# Work task
Exactly as they appear, print the line with "Capa De Telefone" and each line after it through the end of the entries below; leave out pictures.

# The input
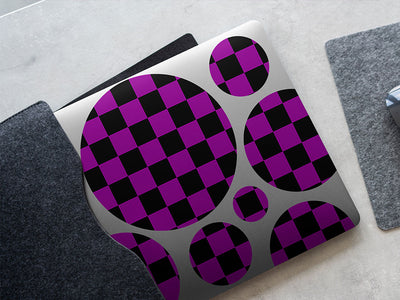purple checkered DIY Laptop Stickers
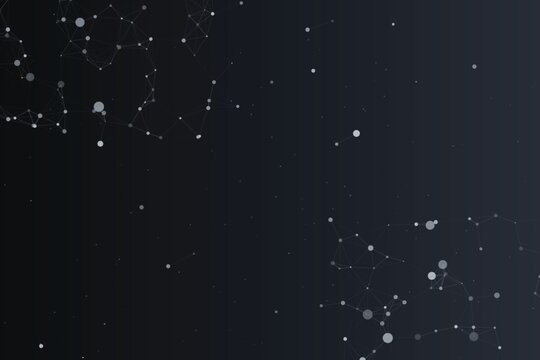 Cosmic constellation network of bright white nodes and faint connecting lines dots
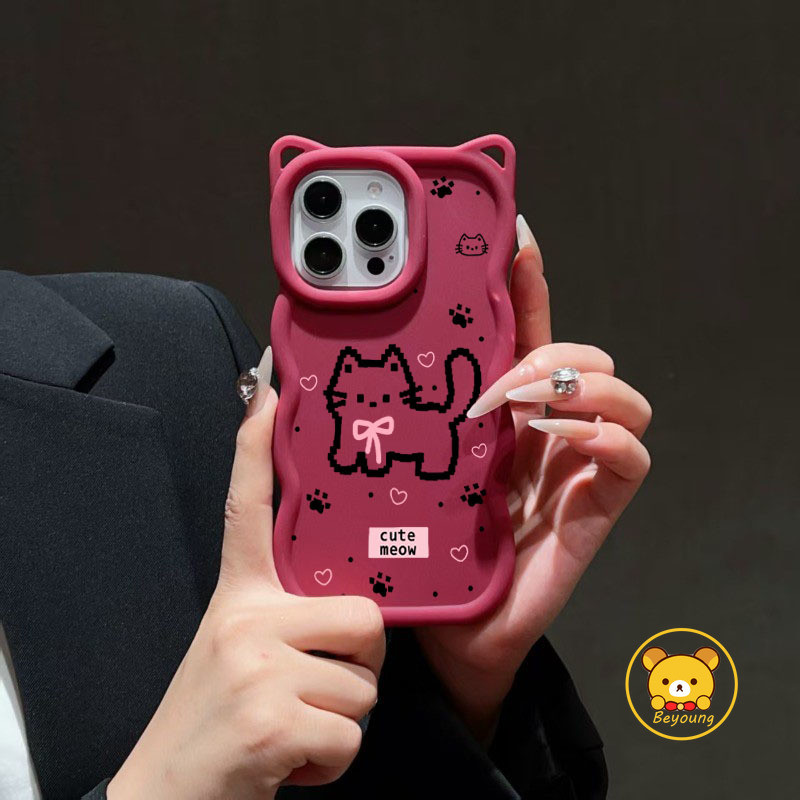 Capa De Telefone Com Orelhas De Gato Onda 3D Para Samsung Galaxy A73 A57 A56 A55 M55 F55 A54 A53 A52 A52S A51 A50 A50S A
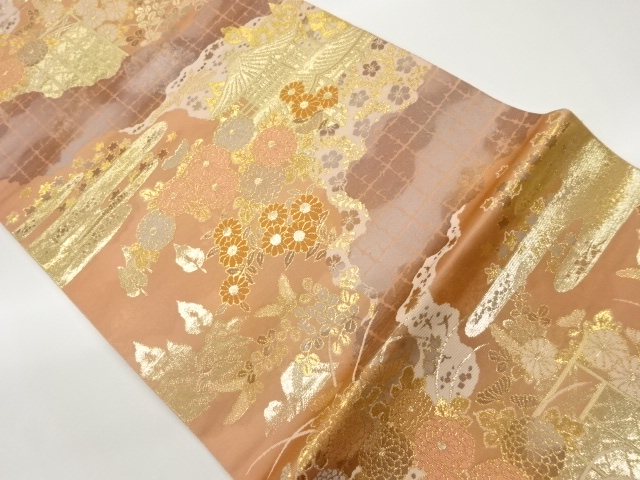 JAPANESE FUKURO OBI / WOVEN TEMPLE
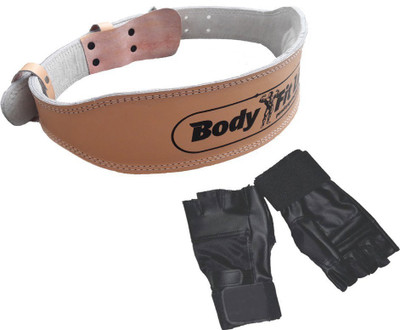 

Faiydashop Solid Leather Padded Gym Belt and Leather Gym Gloves Home Gym Kit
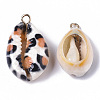 Printed Natural Cowrie Shell Pendants SSHEL-R047-02-A03-3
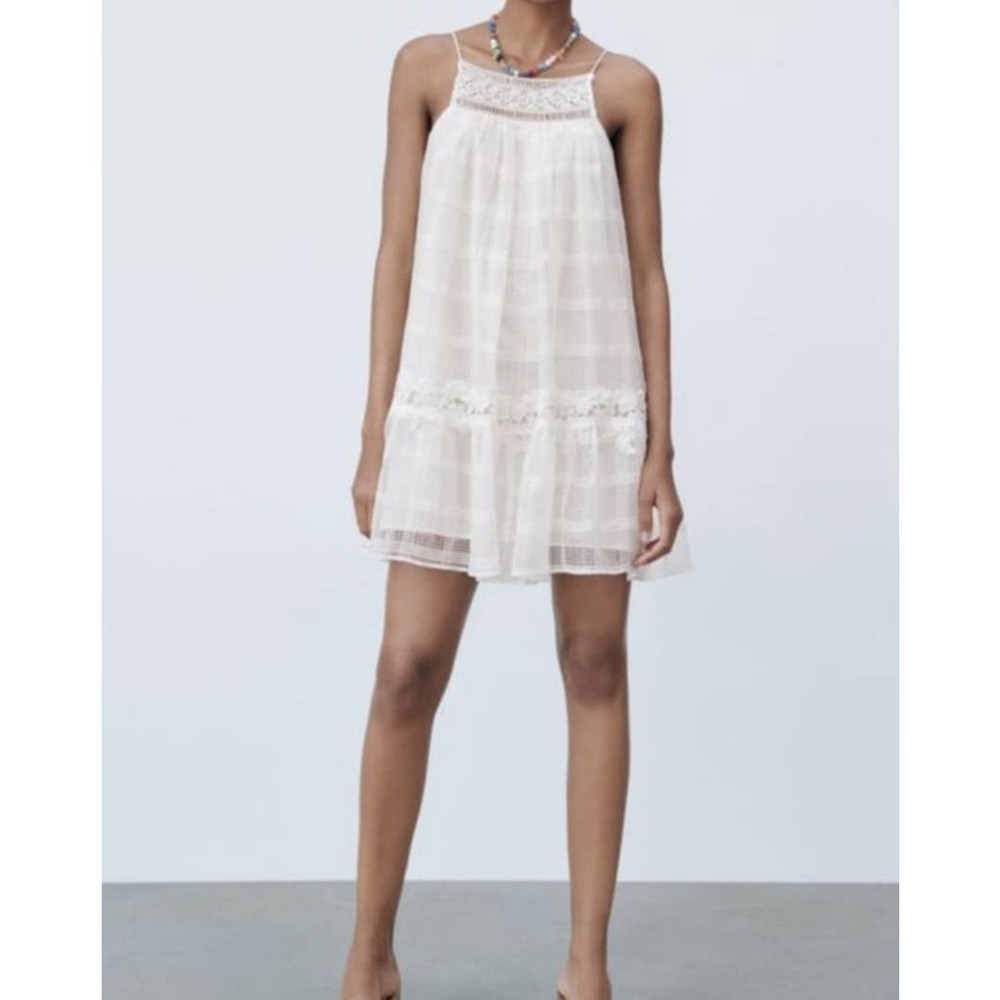 Zara White Lace Babydoll Dress | Size XXL - NWT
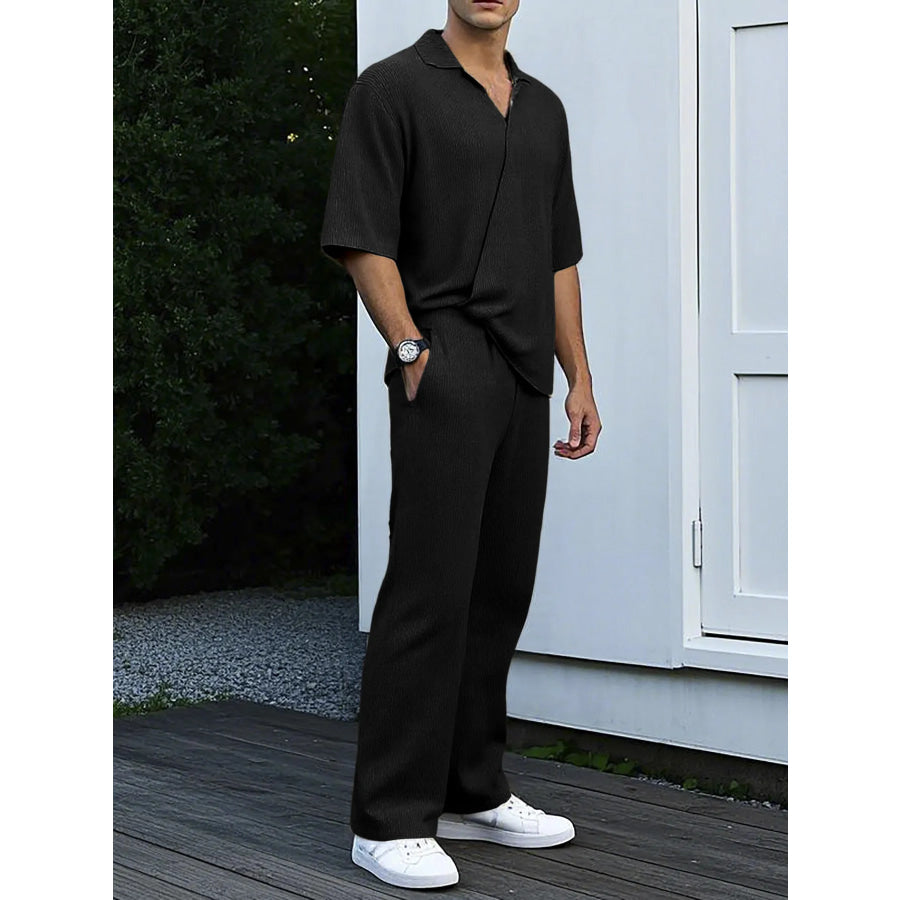 Men’s Full Size Short Sleeve Top and Pants Set Plus Size Black / S Apparel and Accessories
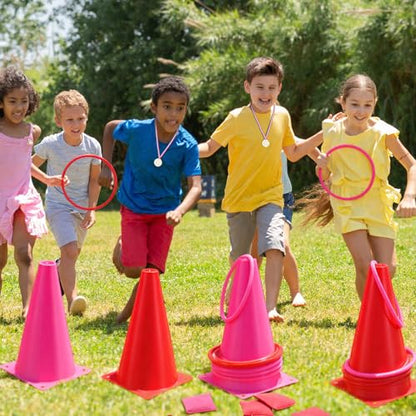 Sotiff 55 Pcs Valentine's Day Games for Kids Carnival Activity Galentine Games with Hopper Balls, Ring Toss, Bean Bags, Egg Spoon Relay Race for Classroom Indoor Outdoor Family Party Yard Supplies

# Answer to the exercise
 Capa De Telefone Com Orelhas De Gato Onda 3D Para Samsung Galaxy A73 A57 A56 A55 M55 F55 A54 A53 A52 A52S A51 A50 A50S A
 JAPANESE FUKURO OBI / WOVEN TEMPLE

Faiydashop Solid Leather Padded Gym Belt and Leather Gym Gloves Home Gym Kit
 Printed Natural Cowrie Shell Pendants SSHEL-R047-02-A03-3
 Zara White Lace Babydoll Dress | Size XXL - NWT
 Men’s Full Size Short Sleeve Top and Pants Set Plus Size Black / S Apparel and Accessories
 Sotiff 55 Pcs Valentine's Day Games for Kids Carnival Activity Galentine Games with Hopper Balls, Ring Toss, Bean Bags, Egg Spoon Relay Race for Classroom Indoor Outdoor Family Party Yard Supplies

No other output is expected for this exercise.